The majority's focus on public policy in this case is misplaced. The unambiguous language of this contract dictates a showing of a causal connection and makes it unnecessary to decide whether the public policy of this state would require that such a connection be shown. 2
While I share the majority's concern of removing intoxicated drivers from our highways and do not consider a driver's blood/alcohol level unrelated to a driver's ability to operate a vehicle as the majority contends, this court cannot allow that concern to cause us to abandon time-honored rules of contract construction or, in this case, to ignore the plain language of the contract. I do not agree with the majority's conclusion that a showing of causation subjects the insurer to unreasonable exposure, because the contract language clearly exonerates the insurer from all liability in those situations in which alcohol is a causative factor. If alcohol is unrelated to the accidental death, the insurer's risk is the same as it would be in any non-alcohol-related accident.

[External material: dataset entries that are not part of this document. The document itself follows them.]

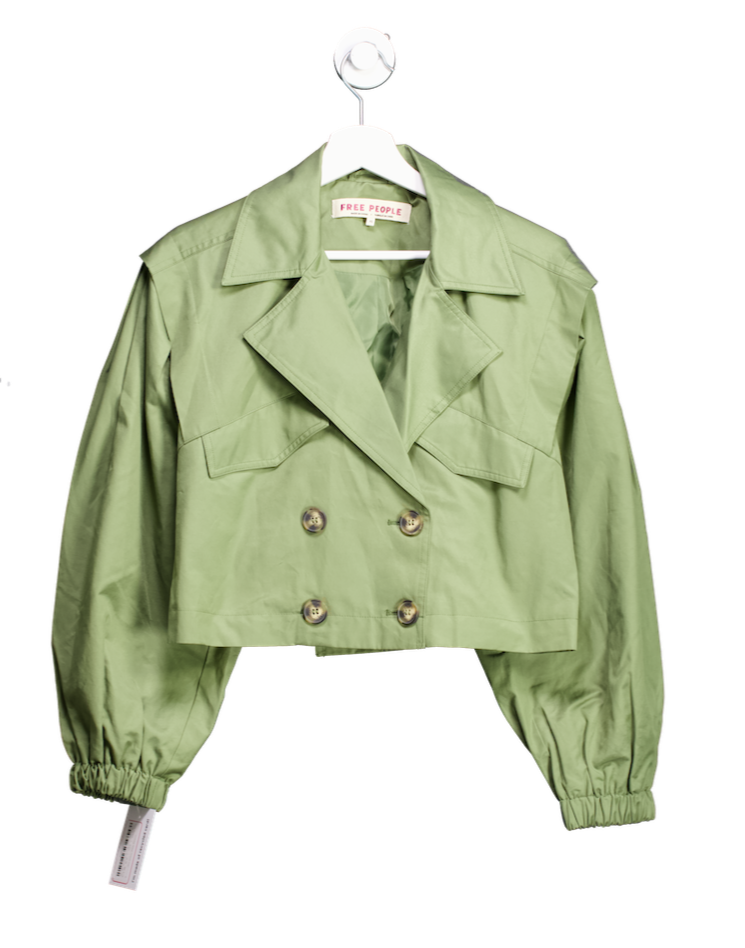 Free People Green Looking Glass Cropped Trench Coat UK XS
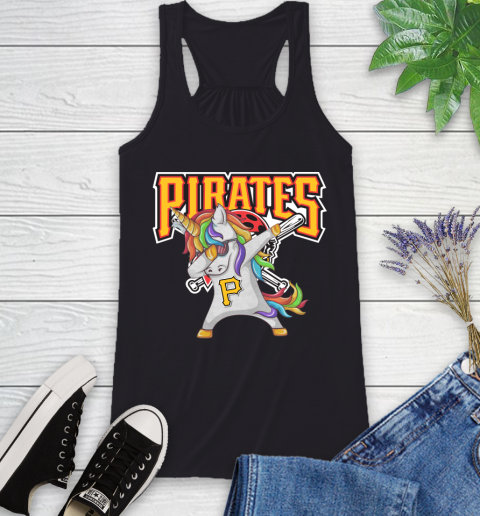 Pittsburgh Pirates MLB Baseball Funny Unicorn Dabbing Sports Racerback Tank 2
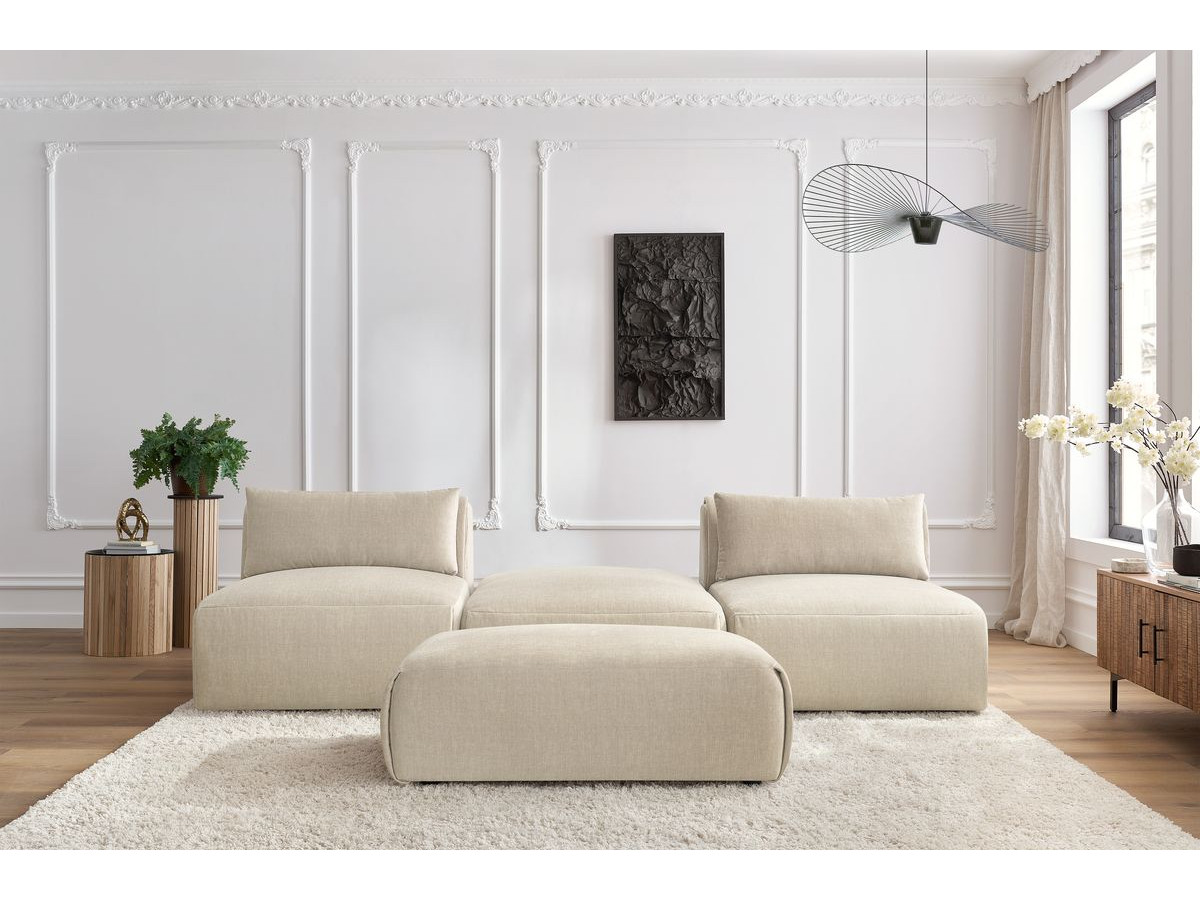 Bobochic Jeanne Sofa 4-Sitzer mit Pouf Samt Beige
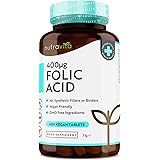 Acido Folico 400 mcg - 400 Compresse Vegane - Copertura di 13 mesi - Sostegno per la gravidanza - Funzione normalizzante del 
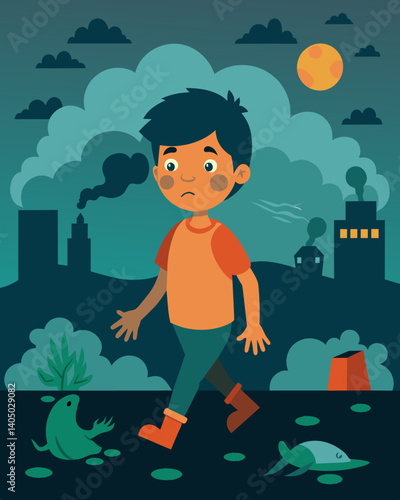 The haunting image of a young child playing amidst the pollution oblivious to the harmful effects it has on their health and wellbeing.. Vector illustration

In sum, the language of the policy exclusion in question clearly requires a showing of a causal connection between the event causing injury or death and the insured's condition of being under the influence of alcohol before the exclusion is applicable. Even if the language is arguably ambiguous, when the language is construed to support the jury's verdict and in favor of the insured, as we are required to do, we must affirm the trial court's ruling. Accordingly, the trial judge correctly charged the jury that the insurer had the burden of showing a causal connection between the deceased's blood alcohol level at the time of death and the accident resulting in his death and did not err in submitting a special interrogatory to the jury concerning causation.
I am authorized to state that Presiding Judge Carley and Judge Cooper join in this dissent.
Simpson & Gray, Ralph F. Simpson, Joseph I. Carter, for appellee.